Spend a lot to get new clients
To build that trust and get new clients, Reggad is convinced you have to think big: “The first year, we did a lot of billboards, we were everywhere.” This strategy, he says, is due to the fact that in 2011, Moroccans weren’t buying online, so Hmizate had to find its customers offline. At the same time, they had to convince Moroccans that they weren’t a sketchy website operating out of a garage. Billboards seemed the way to go to get to more people and gain credibility.
This experience taught Reggad a valuable lesson: trust your intuition. Back then, billboards for a website was a new idea, so all of Casablanca was talking about it. “At some point, I stopped saying I worked at Hmziate to avoid getting negatives vibes [and undesired feedback],” recalls the entrepreneur.
Raise enough money to last
For Nabil Sebti, MyDeal.ma’s manager, all his efforts have had a prize. “You can’t start with a small budget, it doesn’t work that way. You have to dedicate 60 to 70% of your budget to communication, and you have to be able to support that financially.”
He explains that Jumia managed to become the leader in the Moroccan e-commerce in less than six months thanks an intense multi-channel communication campaign, relying on massive fundraising. The success of Bikhir and Avito in the Moroccan classifieds can be attributed to the same explanation. “Today, they have huge losses, but gigantic growth,” he says. “In 2017-2018, when the market will be big and mature enough, as analysts predict, the first come first served logic will proved right, and it will be hard to beat them.”
“With the right funds, things will probably have been different for MyDeal.ma,” he believes.
Things have been different for Hmizate; it has raised $1.6 million USD (Reggad tells us how here), which allowed the startup to continue its intense communication campaign. Before MyDeal was put "on hold", the startup almost closed a fundraising round.
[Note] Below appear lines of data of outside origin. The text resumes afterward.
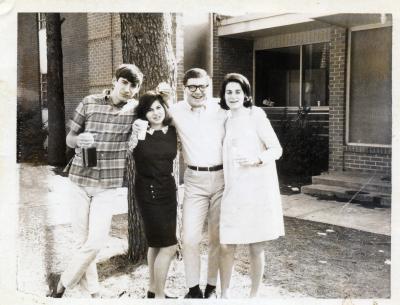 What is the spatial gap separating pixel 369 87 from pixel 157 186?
4.76 meters

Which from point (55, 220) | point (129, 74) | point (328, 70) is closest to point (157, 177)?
point (129, 74)

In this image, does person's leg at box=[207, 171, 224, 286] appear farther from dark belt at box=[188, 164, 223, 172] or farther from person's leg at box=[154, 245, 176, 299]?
person's leg at box=[154, 245, 176, 299]

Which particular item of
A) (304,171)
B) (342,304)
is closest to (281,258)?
(342,304)

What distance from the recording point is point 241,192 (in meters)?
2.90

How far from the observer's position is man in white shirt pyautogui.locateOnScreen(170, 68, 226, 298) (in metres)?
2.98

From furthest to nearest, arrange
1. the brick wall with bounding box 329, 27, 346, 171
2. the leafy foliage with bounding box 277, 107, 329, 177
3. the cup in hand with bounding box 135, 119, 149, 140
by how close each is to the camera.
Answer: the leafy foliage with bounding box 277, 107, 329, 177, the brick wall with bounding box 329, 27, 346, 171, the cup in hand with bounding box 135, 119, 149, 140

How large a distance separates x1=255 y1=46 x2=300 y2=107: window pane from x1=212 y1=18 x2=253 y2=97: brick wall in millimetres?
243

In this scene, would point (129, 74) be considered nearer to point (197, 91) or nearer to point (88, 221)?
point (197, 91)

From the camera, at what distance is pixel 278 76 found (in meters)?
9.32

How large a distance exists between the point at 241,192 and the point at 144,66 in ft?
4.71

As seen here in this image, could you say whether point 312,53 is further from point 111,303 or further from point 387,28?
point 111,303

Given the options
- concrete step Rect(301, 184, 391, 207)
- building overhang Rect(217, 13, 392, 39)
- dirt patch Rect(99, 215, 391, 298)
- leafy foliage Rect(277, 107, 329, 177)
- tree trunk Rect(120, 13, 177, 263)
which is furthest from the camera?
leafy foliage Rect(277, 107, 329, 177)

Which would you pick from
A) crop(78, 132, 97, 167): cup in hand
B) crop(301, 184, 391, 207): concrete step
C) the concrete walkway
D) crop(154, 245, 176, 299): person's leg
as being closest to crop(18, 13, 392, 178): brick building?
crop(301, 184, 391, 207): concrete step

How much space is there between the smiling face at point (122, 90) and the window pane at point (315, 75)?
6297 millimetres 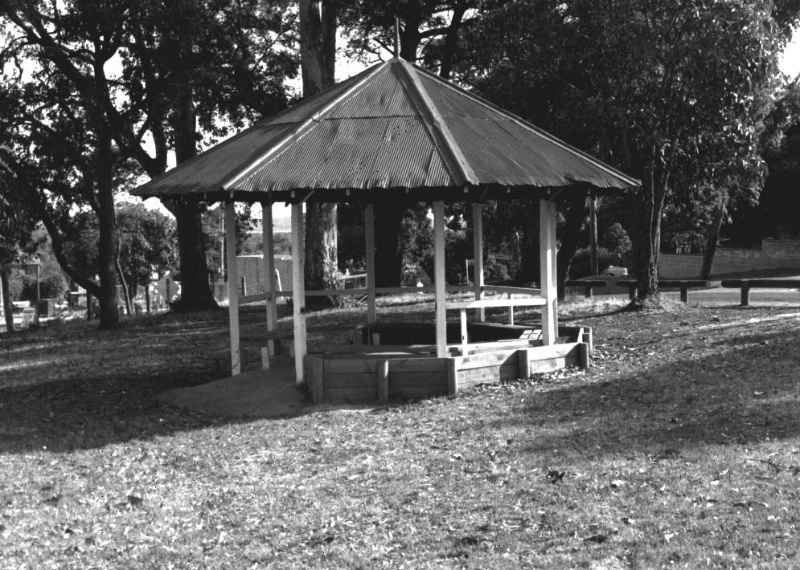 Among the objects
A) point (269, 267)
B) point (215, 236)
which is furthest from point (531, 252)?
point (215, 236)

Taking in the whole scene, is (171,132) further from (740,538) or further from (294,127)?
(740,538)

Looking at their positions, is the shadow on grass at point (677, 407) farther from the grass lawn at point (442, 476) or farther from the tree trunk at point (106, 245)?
the tree trunk at point (106, 245)

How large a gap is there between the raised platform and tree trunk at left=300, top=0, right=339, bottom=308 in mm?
13081

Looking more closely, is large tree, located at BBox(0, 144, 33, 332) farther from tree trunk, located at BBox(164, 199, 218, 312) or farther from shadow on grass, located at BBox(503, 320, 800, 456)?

In both case, investors were not from Morocco.
“You need to have enough capital, and it’s not in Morocco that you’ll find it,” Sebti believes. He blames Moroccan investors for not knowing and understanding the web business models, and for being too slow to deliver the money. Having an international investor also helps Moroccan companies with buying international products they can’t normally buy since the dirham is non-convertible, he continues.
Stay lean
MyDeal has had beautiful growth, yet starting 2013, the company began having to deal with cashflow issues, which leads Sebti to believe that the deals model was not viable (read our article here). Still, Reggad says Hmizate have been profitable “for a while now.” How can this be?
“You have to pay attention to your expenses, stay lean,” says Reggad. His company kept its team small. While MyDeal had over 40 employees and SuperDeal over 30, Hmizate never had more than 25 (the company now had 20 employees working on Hmizate and 25 on Hmall, its marketplace).
The secret, he says: “pay attention to recruitment and build your own culture.” With a good employee selection, getting rid of hierarchy, developing the cult of client satisfaction, and making sure people had fun at work, the manager managed to get the best out of his team.
These lessons are not specific to daily deals. Rather, they can be a source of inspiration for entrepreneurs who are looking to write the next chapters of e-commerce in the Arab world.